== Segment start ==
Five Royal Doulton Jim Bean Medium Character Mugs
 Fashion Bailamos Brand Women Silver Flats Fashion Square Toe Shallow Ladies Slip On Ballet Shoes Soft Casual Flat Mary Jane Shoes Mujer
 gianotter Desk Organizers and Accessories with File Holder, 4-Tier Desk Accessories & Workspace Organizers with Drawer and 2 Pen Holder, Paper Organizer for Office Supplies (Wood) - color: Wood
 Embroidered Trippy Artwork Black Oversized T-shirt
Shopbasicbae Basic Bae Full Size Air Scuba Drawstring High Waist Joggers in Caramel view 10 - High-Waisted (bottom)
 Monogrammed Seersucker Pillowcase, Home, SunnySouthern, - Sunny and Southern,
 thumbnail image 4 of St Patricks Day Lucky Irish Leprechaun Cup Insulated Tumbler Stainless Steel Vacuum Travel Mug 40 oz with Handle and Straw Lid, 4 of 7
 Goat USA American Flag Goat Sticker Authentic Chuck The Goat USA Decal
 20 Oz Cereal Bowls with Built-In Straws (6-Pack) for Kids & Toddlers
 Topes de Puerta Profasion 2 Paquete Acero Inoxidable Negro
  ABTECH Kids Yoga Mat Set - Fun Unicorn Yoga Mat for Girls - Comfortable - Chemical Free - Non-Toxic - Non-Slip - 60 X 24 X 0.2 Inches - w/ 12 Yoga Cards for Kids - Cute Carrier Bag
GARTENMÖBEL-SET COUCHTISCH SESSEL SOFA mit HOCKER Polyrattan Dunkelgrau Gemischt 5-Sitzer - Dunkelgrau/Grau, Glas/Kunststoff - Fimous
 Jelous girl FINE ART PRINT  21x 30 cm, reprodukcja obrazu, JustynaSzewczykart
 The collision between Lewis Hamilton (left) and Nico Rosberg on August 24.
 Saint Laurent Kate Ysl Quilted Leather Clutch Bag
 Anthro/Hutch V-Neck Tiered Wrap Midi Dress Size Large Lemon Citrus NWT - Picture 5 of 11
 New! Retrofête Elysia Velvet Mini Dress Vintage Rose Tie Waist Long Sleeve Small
== Segment end ==
| Task to carry out |
Repeat the material word for word from its opening line up to and including the line containing "20 Oz Cereal".

| Expected answer |
Five Royal Doulton Jim Bean Medium Character Mugs
 Fashion Bailamos Brand Women Silver Flats Fashion Square Toe Shallow Ladies Slip On Ballet Shoes Soft Casual Flat Mary Jane Shoes Mujer
 gianotter Desk Organizers and Accessories with File Holder, 4-Tier Desk Accessories & Workspace Organizers with Drawer and 2 Pen Holder, Paper Organizer for Office Supplies (Wood) - color: Wood
 Embroidered Trippy Artwork Black Oversized T-shirt
Shopbasicbae Basic Bae Full Size Air Scuba Drawstring High Waist Joggers in Caramel view 10 - High-Waisted (bottom)
 Monogrammed Seersucker Pillowcase, Home, SunnySouthern, - Sunny and Southern,
 thumbnail image 4 of St Patricks Day Lucky Irish Leprechaun Cup Insulated Tumbler Stainless Steel Vacuum Travel Mug 40 oz with Handle and Straw Lid, 4 of 7
 Goat USA American Flag Goat Sticker Authentic Chuck The Goat USA Decal
 20 Oz Cereal Bowls with Built-In Straws (6-Pack) for Kids & Toddlers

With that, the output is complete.